Exhibit 5.1
FORM OF OPINION OF SULLIVAN & CROMWELL LLP
 
May [], 2007
 
Merrill Lynch & Co., Inc.,
  4 World Financial Center,
    New York, New York 10080.
     Ladies and Gentlemen:
          In connection with the registration under the Securities Act of 1933 (the “Act”) of 12,000,000 shares of Common Stock, par value $1.33 1/3 per share (the “Common Shares”), and 115,000 shares of Preferred Stock, par value $1.00 per share (the “Preferred Shares”) of Merrill Lynch & Co., Inc., a Delaware corporation (the “Company”), we, as your counsel, have examined such corporate records, certificates and other documents, and such questions of law, as we have considered necessary or appropriate for the purposes of this opinion. Upon the basis of such examination, we advise you that, in our opinion:
     (1) When the registration statement relating to the Common and Preferred Shares (the “Registration Statement”) has become effective under the Act, and the Common Shares have been duly issued and delivered as provided in the Agreement and Plan of Merger, dated as of January 29, 2007 (the “Merger Agreement”), among the Company, First Republic Bank, a Nevada banking corporation (“First Republic”), and Merrill Lynch Bank & Trust Co., FSB, a federal savings bank (“ML Bank”), as contemplated by the Registration Statement, the Common Shares will be validly issued, fully paid and nonassessable.

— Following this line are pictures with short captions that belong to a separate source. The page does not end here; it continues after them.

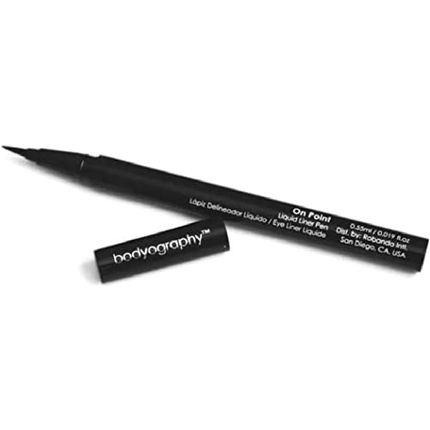 Жидкая подводка для глаз Black Precise Matte Eyeliner Pen Салонный макияж Bodyography
Жидкая подводка для глаз Black Precise Matte Eyeliner Pen Салонный макияж Bodyography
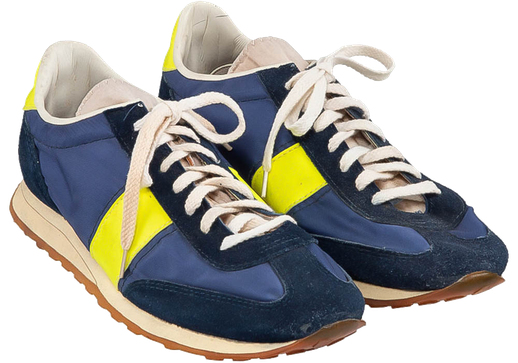 Circa 1980 Nike "The One Line" Brand Ladies' Running Sneakers-The Rarest Nikes!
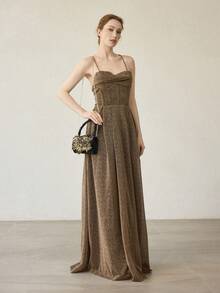 MOTF PREMIUM STEREO FLORAL FAUX PEARL DETAIL EVENING BAG - Black - View 6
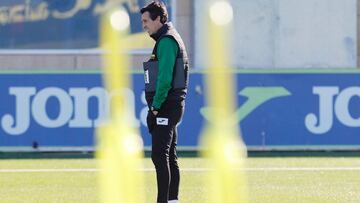 04/11/21 VILLARREAL CF ENTRENAMIENTO
UNAI EMERY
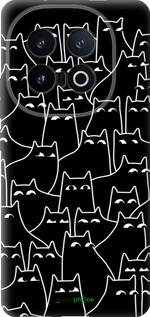 Силиконовый чехол С изображением кошек для Vivo IQOO 13 - 6470u-3913 изображение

     (2) When the Registration Statement has become effective under the Act, certificates of designations with respect to the Preferred Shares substantially in the forms filed as exhibits to the Registration Statement have been duly filed with the Secretary of State of the State of Delaware, and the Preferred Shares have been duly issued and delivered as provided in the Merger Agreement, as contemplated by the Registration Statement, the Preferred Shares will be validly issued, fully paid and nonassessable.

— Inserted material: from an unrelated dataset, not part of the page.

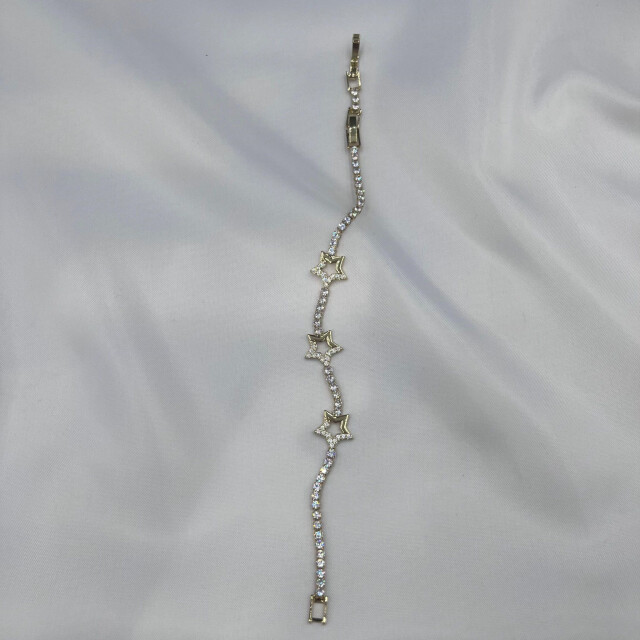 Zirkon Su Yolu Bileklik // 107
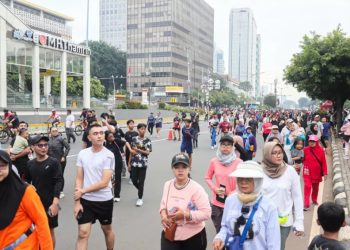 Catat! CFD Sudirman-Thamrin Hari Ini Selesai Pukul 09.00 WIB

          The foregoing opinion is limited to the Federal laws of the United States and the laws of the State of Delaware, and we are expressing no opinion as to the effect of the laws of any other jurisdiction.

 


 

Merrill Lynch & Co., Inc.   -2-
     
          We have relied as to certain factual matters on information obtained from public officials, officers of the Company, First Republic and ML Bank and other sources believed by us to be responsible.
          We hereby consent to the filing of this opinion as an exhibit to the Registration Statement and to the reference to us under the heading “Validity of Common and Preferred Stock” in the Registration Statement. In giving such consent, we do not thereby admit that we are in the category of persons whose consent is required under Section 7 of the Act.